(Stored entries)
+-------+

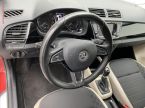 Škoda Fabia - fotka číslo 11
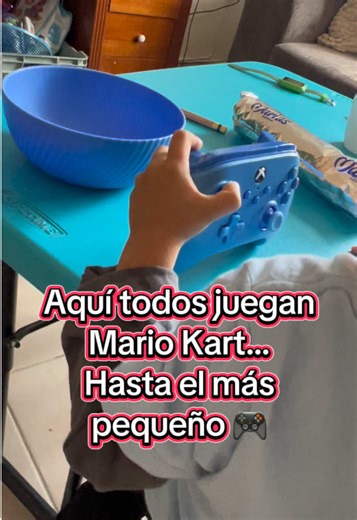 #mariokart #nintendoswitch2 #nintendoswitch #xbox jajaja todo salió finamente calculado para el video , excelentes actores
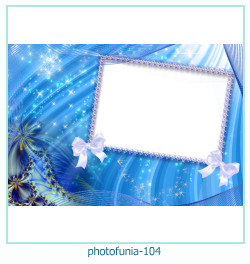 marco de fotos photofunia 104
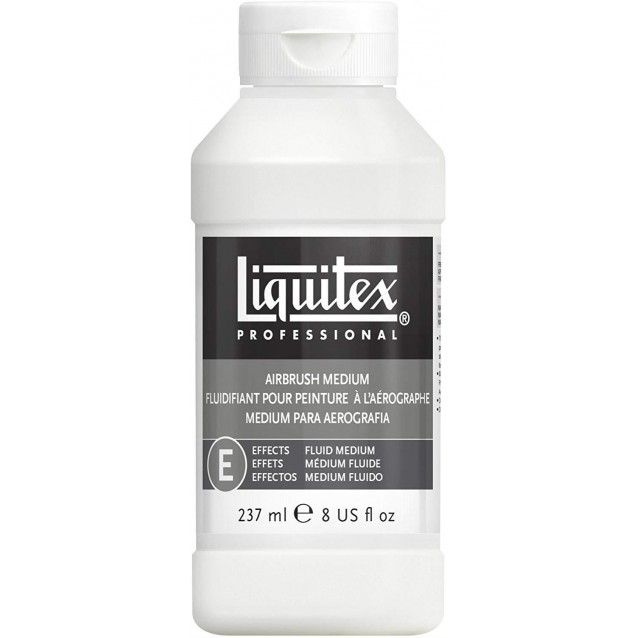 Liquitex Professional 237ml Airbrush Medium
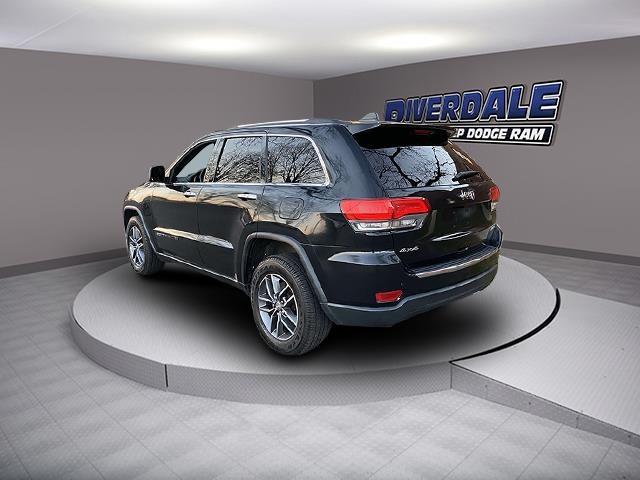 Used Jeep Grand Cherokee Limited 2017 | Eastchester Motor Cars. Bronx, New York Used Jeep Grand Cherokee Limited 2017 | Eastchester Motor Cars. Bronx, New York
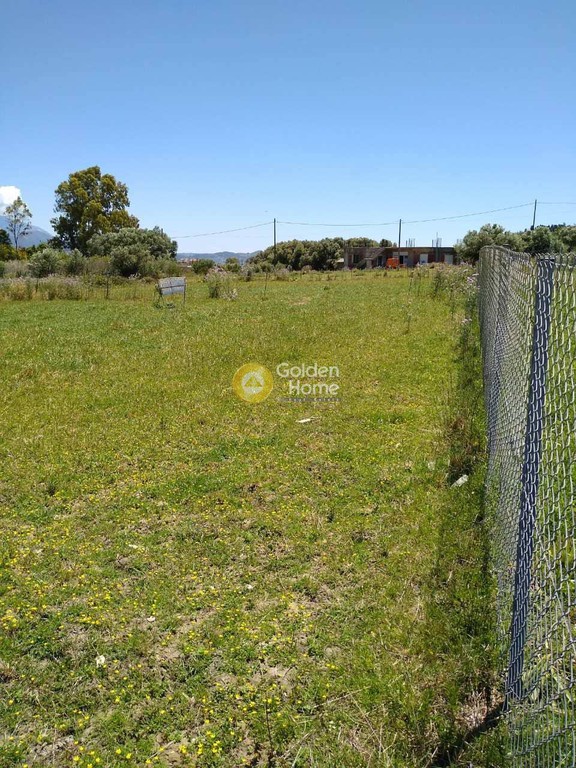 Οικόπεδο 652 τ.μ. προς πώληση, Ν. Κεφαλονιάς, Κεφαλονιά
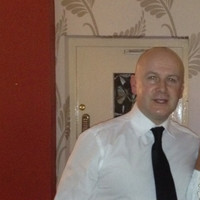 John Paul Rogers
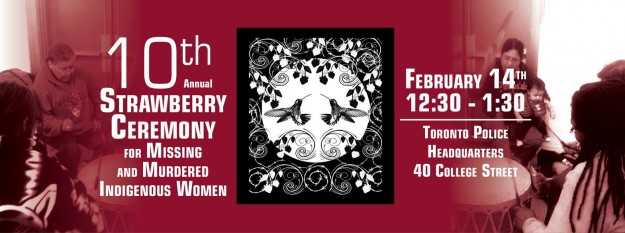 10th Annual Strawberry Ceremony 10th Annual Strawberry Ceremony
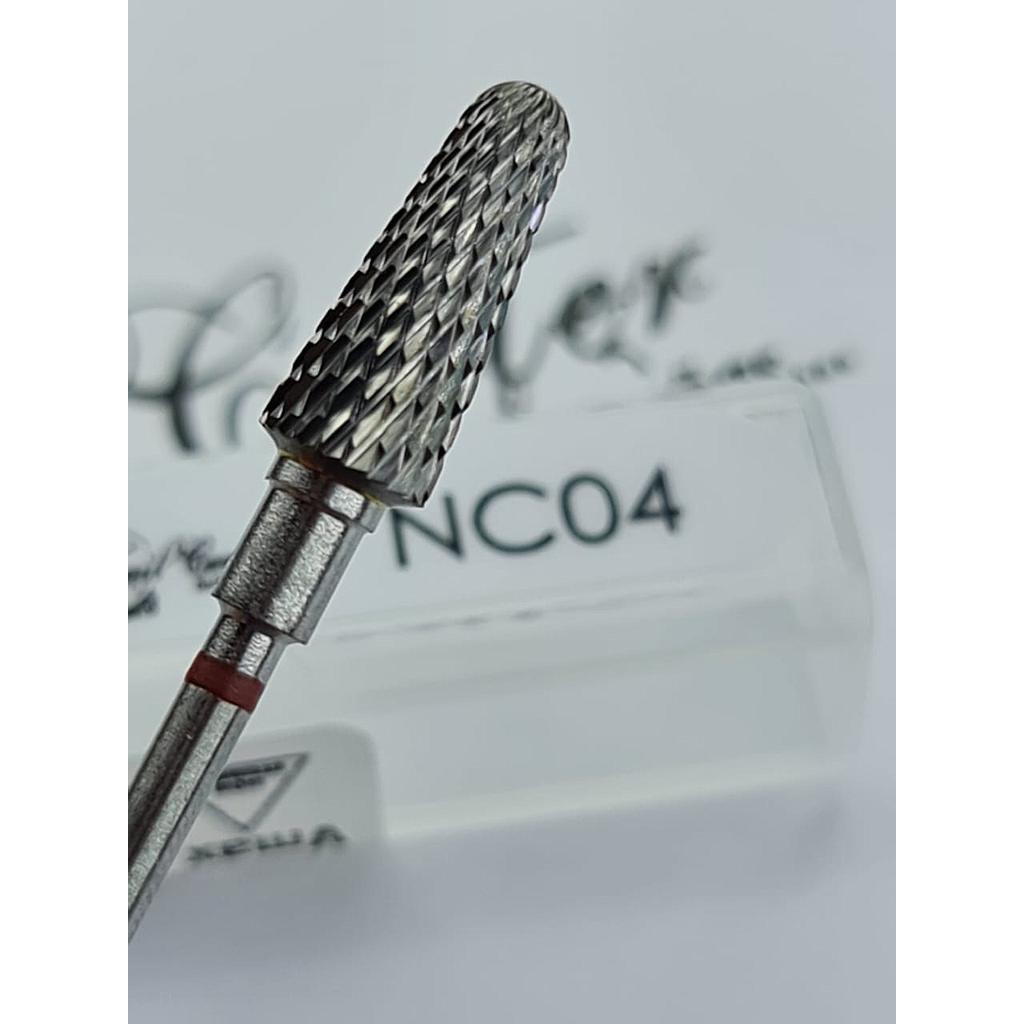 PUNTA RUSA MODELO NC-04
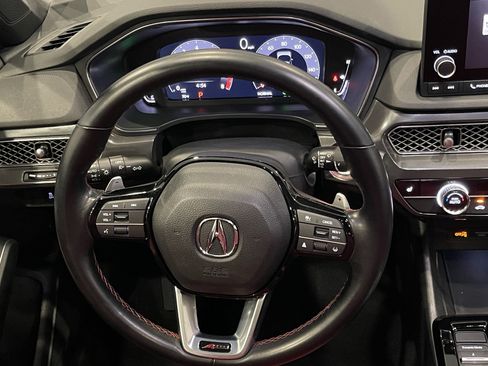 Used 2024 Acura Integra A-Spec FWD image 19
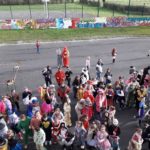 Le carnaval 2020 à l'école Fortry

+-------+

Aim of the task:
The output must match the records word for word, except that no pictures appear.

Response below:
 Škoda Fabia - fotka číslo 11
 #mariokart #nintendoswitch2 #nintendoswitch #xbox jajaja todo salió finamente calculado para el video , excelentes actores
 marco de fotos photofunia 104
 Liquitex Professional 237ml Airbrush Medium
 Used Jeep Grand Cherokee Limited 2017 | Eastchester Motor Cars. Bronx, New York Used Jeep Grand Cherokee Limited 2017 | Eastchester Motor Cars. Bronx, New York
 Οικόπεδο 652 τ.μ. προς πώληση, Ν. Κεφαλονιάς, Κεφαλονιά
 John Paul Rogers
 10th Annual Strawberry Ceremony 10th Annual Strawberry Ceremony
 PUNTA RUSA MODELO NC-04
 Used 2024 Acura Integra A-Spec FWD image 19
 Le carnaval 2020 à l'école Fortry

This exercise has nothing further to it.